Now we were two people at the farm. I climbed up the roof to check out the chimney. It was almost falling apart so we repaired it with several layers of concrete.
A man from another farm 70 km away from us arrived by bicycle he was curious about us and wanted to stay for two weeks. He was a tanner and an experienced butcher, since we had never slaughtered a rabbit before we asked if he could show us how to do it. He slaughtered and skinned it in a very professional way. I started tanning the skin with alum.
Some mushrooms had started to pop up in the forest, mostly russulas (Russula). We dried some of them and stored in jars.
We visited a Scottish man that was living in the neighbor town. He had also moved here in April, he offered us sheet metal from a barn that he wanted to tear down if we took down the roof plates. I agreed and was going to come back later to do the job. The sheet metal could be useful for roofing for example an outdoor kitchen. We met a women from the Black forest (Swabia) there that had been at the Scottish mans place a week or so. She was working there for food and shelter. She treated us with some salad from wild plants.
The tanner returned home and my comrade decided to leave the farm. Now it was only me and my dog left.

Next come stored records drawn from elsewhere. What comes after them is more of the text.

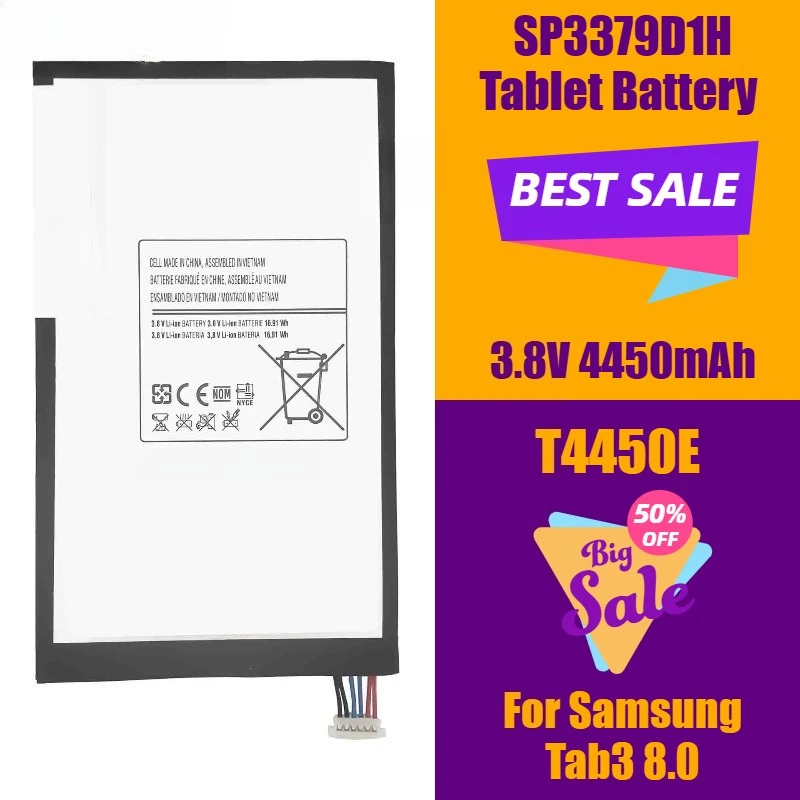 

3.8V 4450mAh SP3379D1H Tablet Battery for Samsung Tab3 8.0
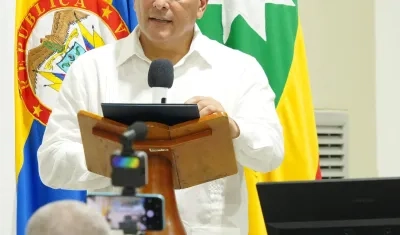 Dumek Turbay, alcalde de Cartagena.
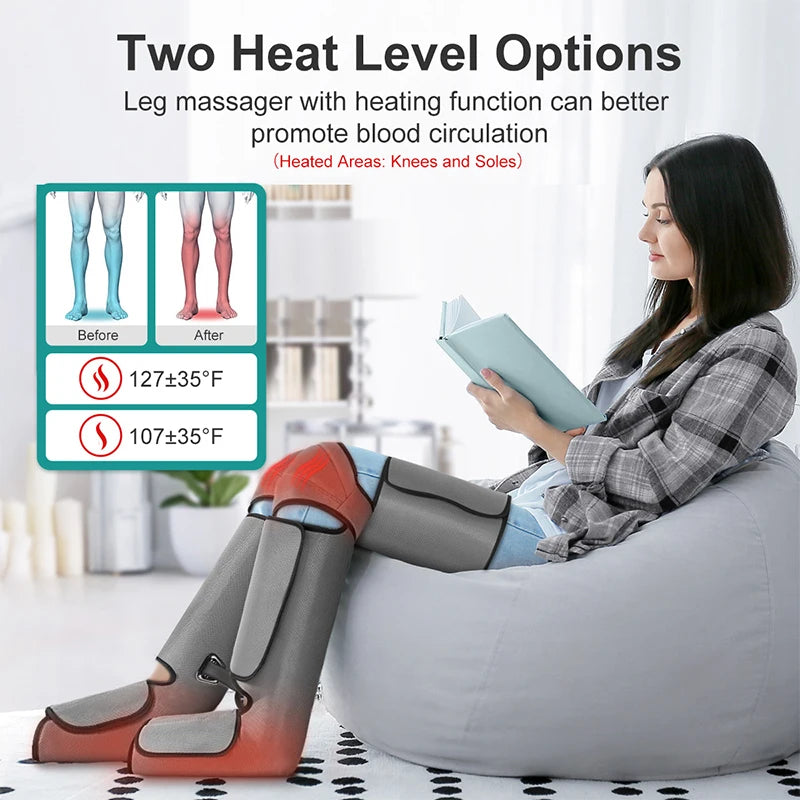 Nekteck Foot Air Pressure Massager For Calf And Thigh Blood Circulation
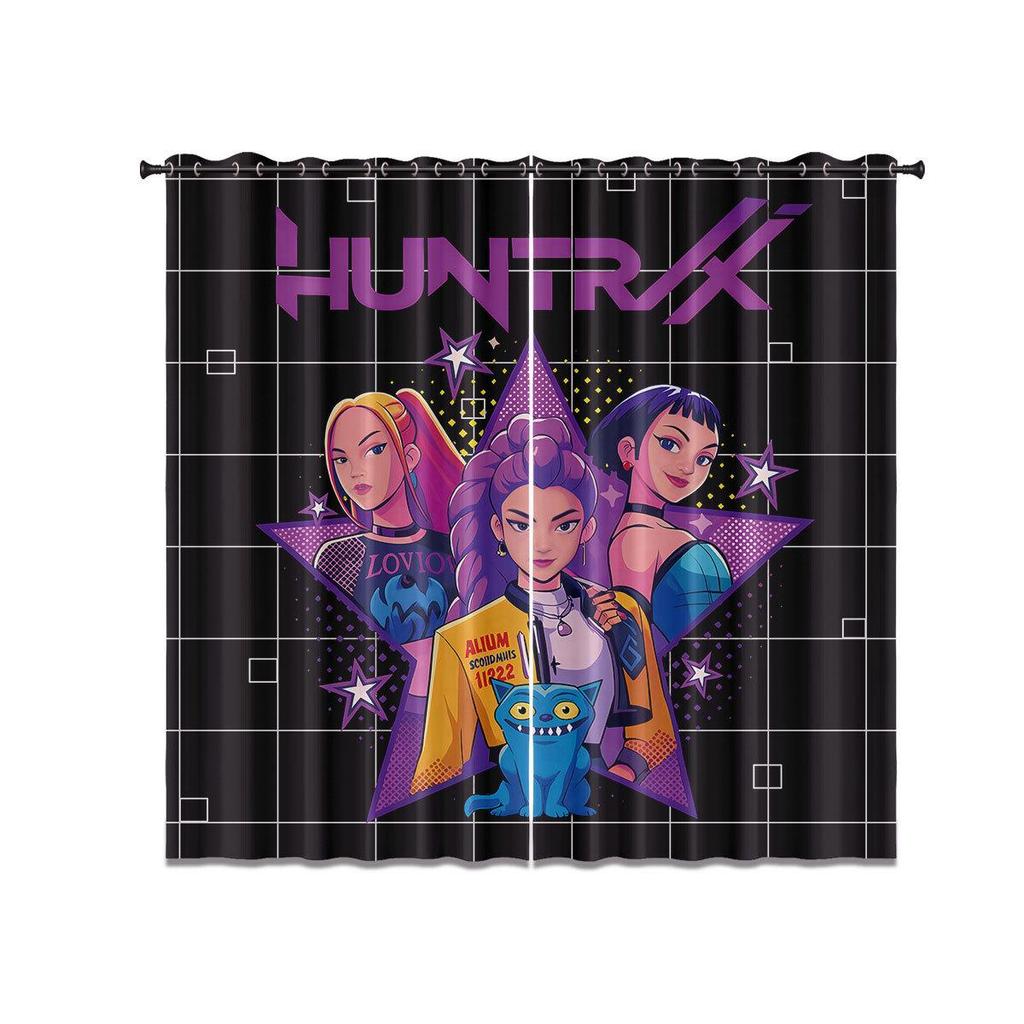 Dämonenjäger 3D Digitaldruck Verdunkelungsvorhänge - Benutzerdefiniertes Foto, Dick, Hochpräziser Sonnenschutz, Sonnenschutz, Grenzüberschreitend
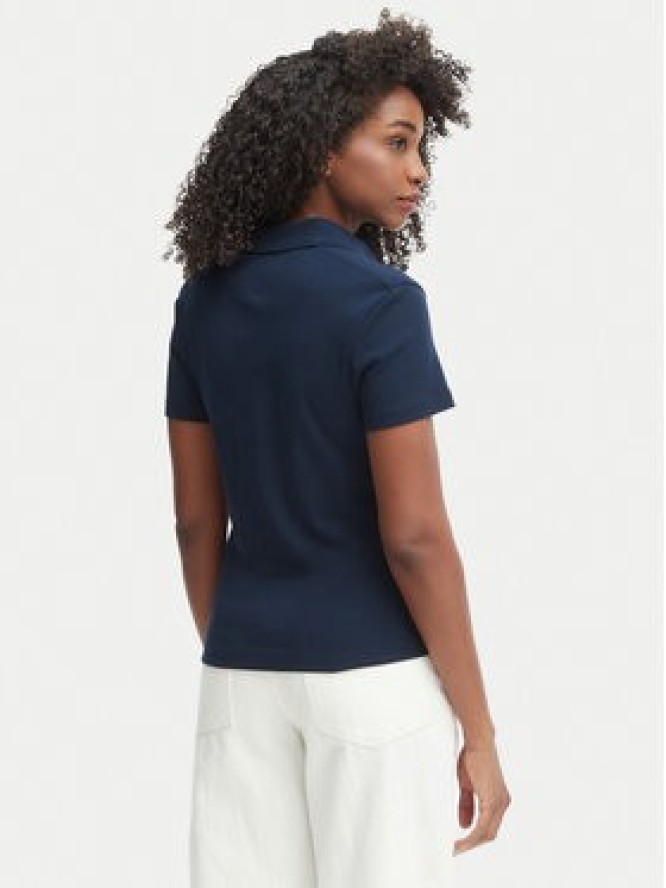 Tommy Hilfiger Polo WW0WW49252 Granatowy Slim Fit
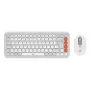 Logitech POP Icon Combo Tastatur Maus Universal Bluetooth QWERTY US International Orange Weiß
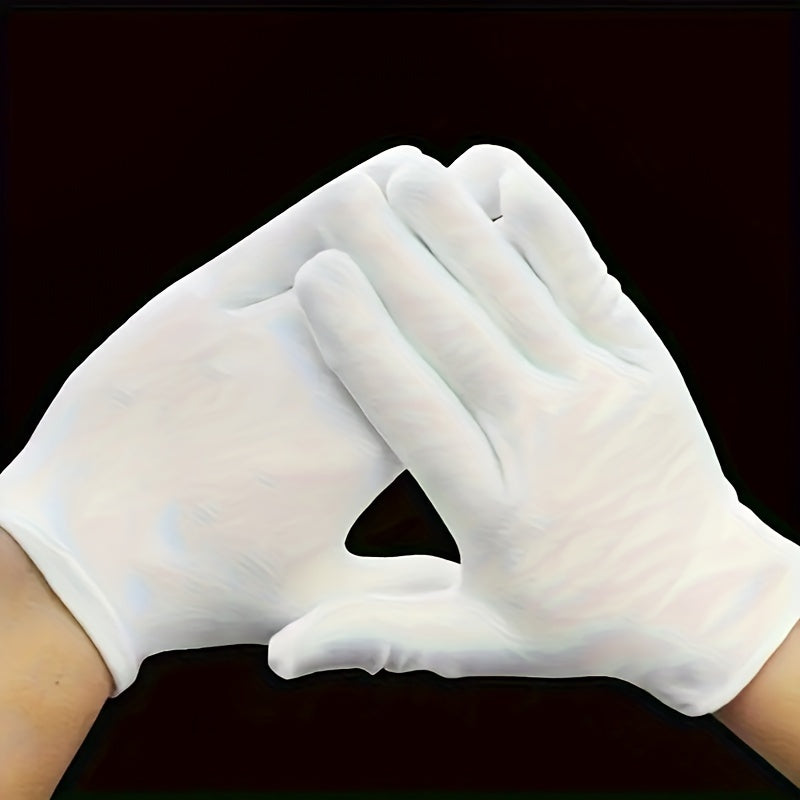 5 Pairs Soft Stretchable Lining Gloves for Household Cleaning and Jewelry Work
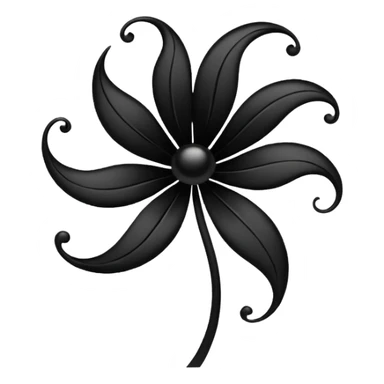Ink flower sticker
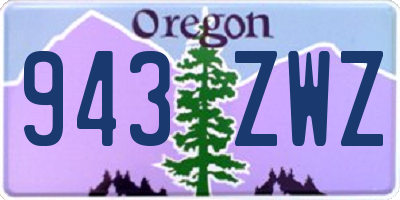 OR license plate 943ZWZ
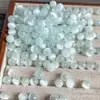 Olho de Gato Céu Estrelado Sonhador Areia Movediça Dourada Vidro Contas Redondas para DIY Pulseira Colar Artesanal Acessórios Contas Soltas Venda por Atacado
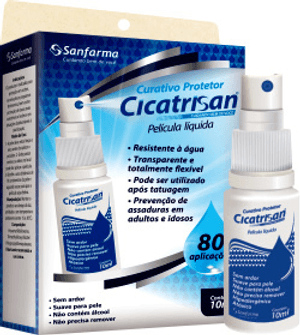 Produto Curativo protetor cicatrisan película líquida 10ml

 foto 1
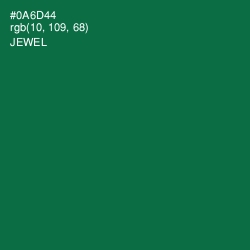 #0A6D44 - Jewel Color Image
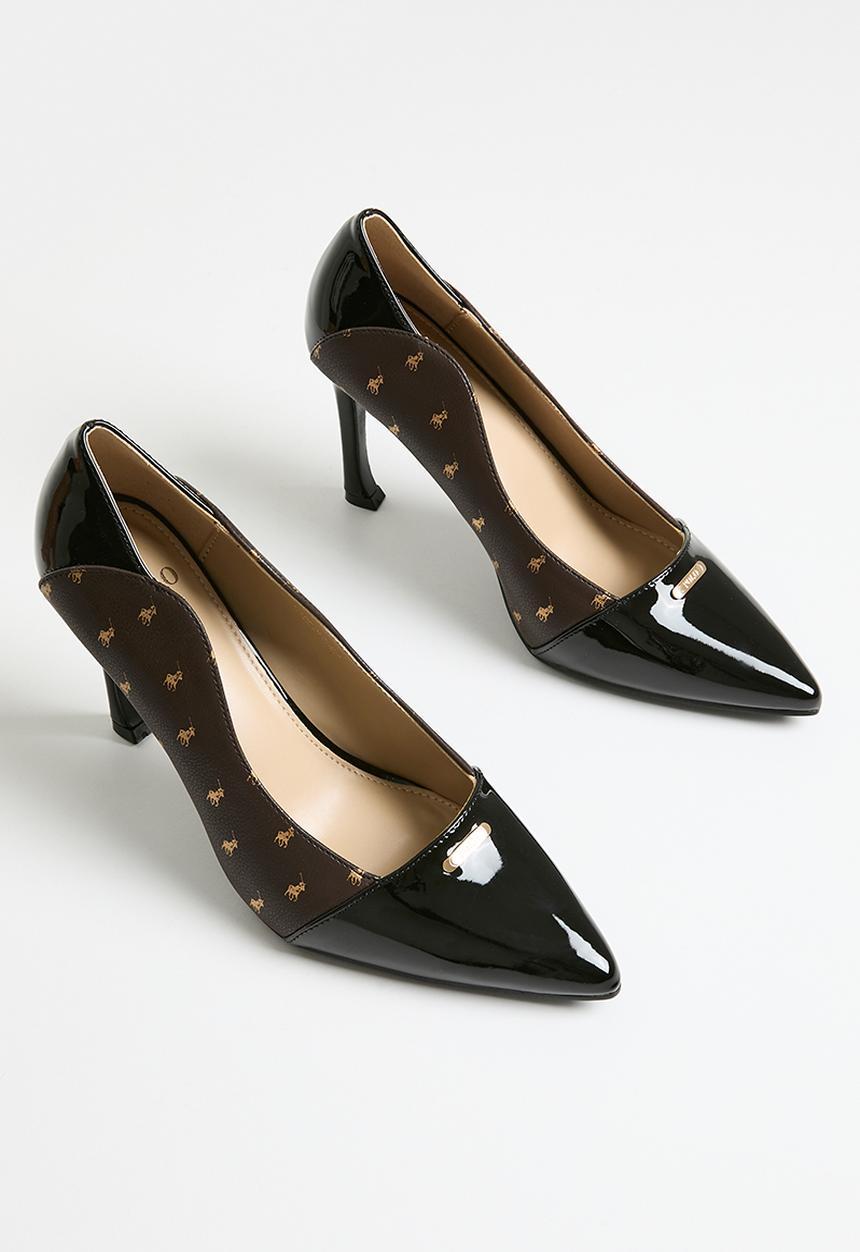 POLO - Monogram panel pointy silhouette - brown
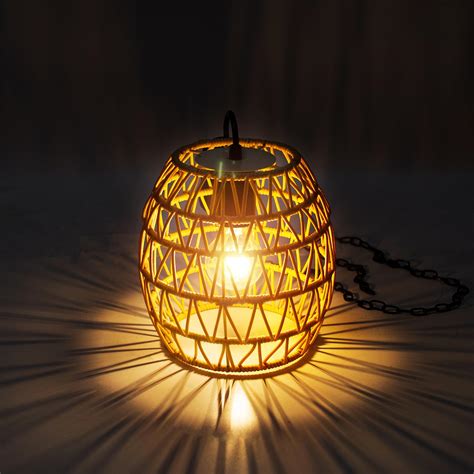 Snapklik.com : Larekook 6 Hours Timer Battery Operated Pendant Light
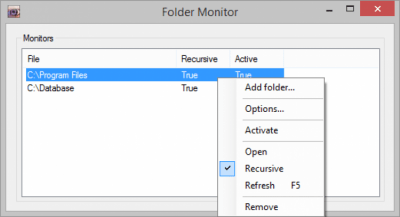 Скриншот приложения Folder Monitor - №1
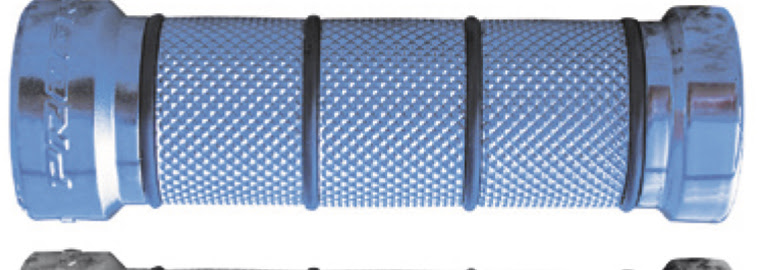 Poignées moto Ø 22/25 mm – Progrip 866 Custom – Réduction vibrations – Ref. 866CRB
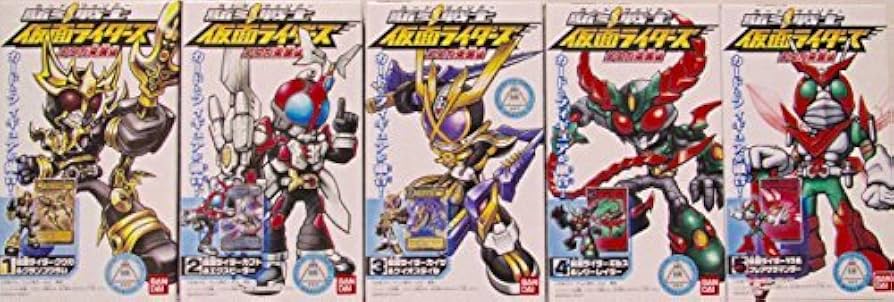 Amazon.co.jp: 駈斗戦士 仮面ライダーズ クウガ来襲編 全5種 : おもちゃ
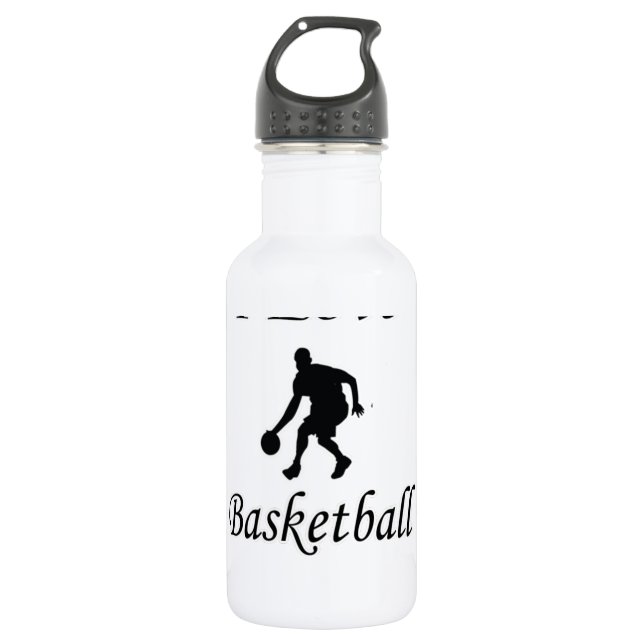 I Liebe Basketball Trinkflasche (Vorderseite)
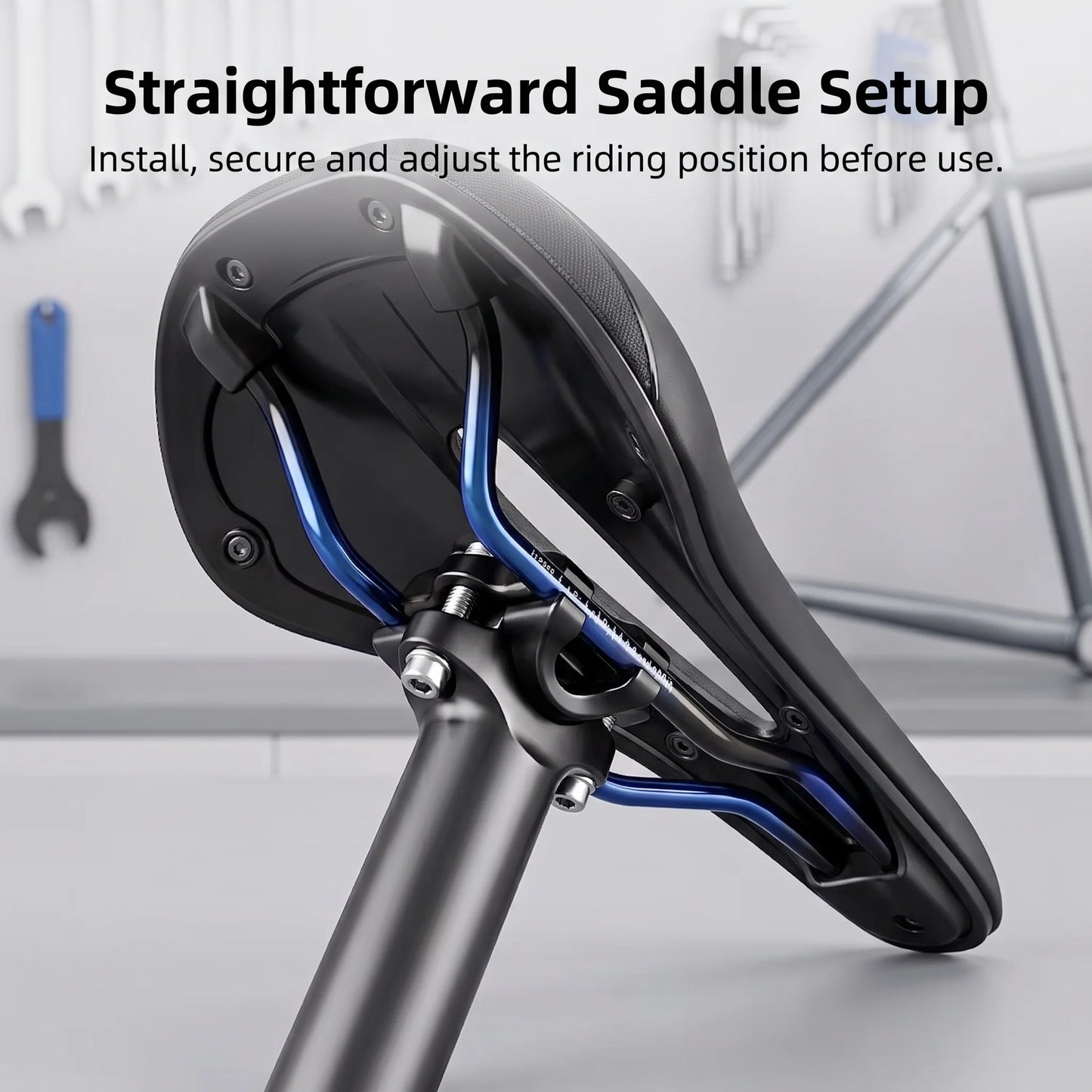 Bicycle Saddle Ventilated Hollow-Core Cushioned Support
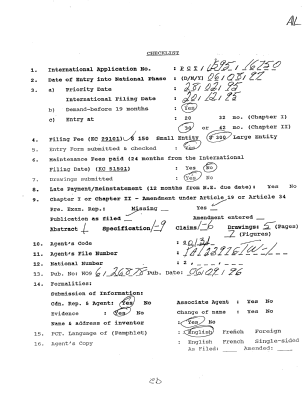 Document de brevet canadien 2211045. PCT 19970806. Image 1 de 12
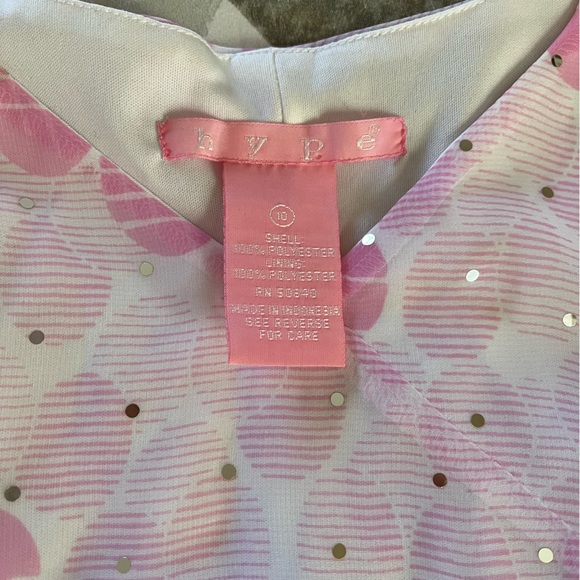 ❤️ Hype Girl’s Pink Print Sparkle Dress; Size 10 - Picture 3 of 3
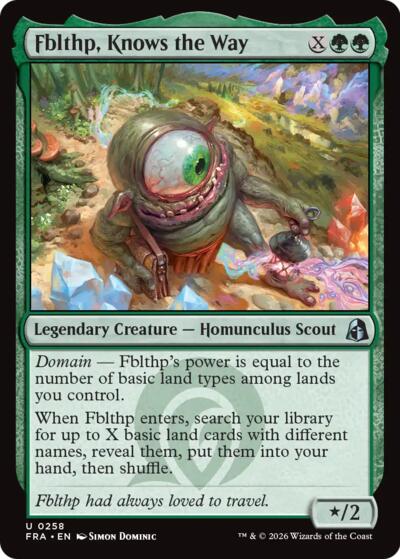 Fblthp, Knows the Way FRA 258 Magic card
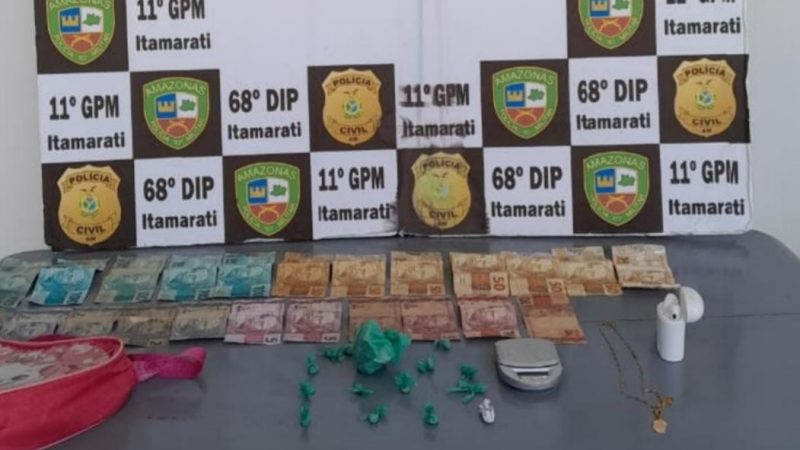 Polícia Civil prende casal com drogas, balança de precisão e dinheiro proveniente do tráfico em Itamarati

I returned to the Scottish man to perform the work to take down the roof plates. It was quite a difficult thing to do since the barn was big with a steep roof. The metal was slippery so I had to tie a rope around myself and attached the other end of the rope to a tree at the other side. Eventually the work was done I was going to get half of the plates that was about 20 plates. The woman from the Black forest (Swabia) was still around and we went for a plant walk since both of us were interested about wild plants. I invited here to the farm and she was interested to see the place and said that she would visit me soon.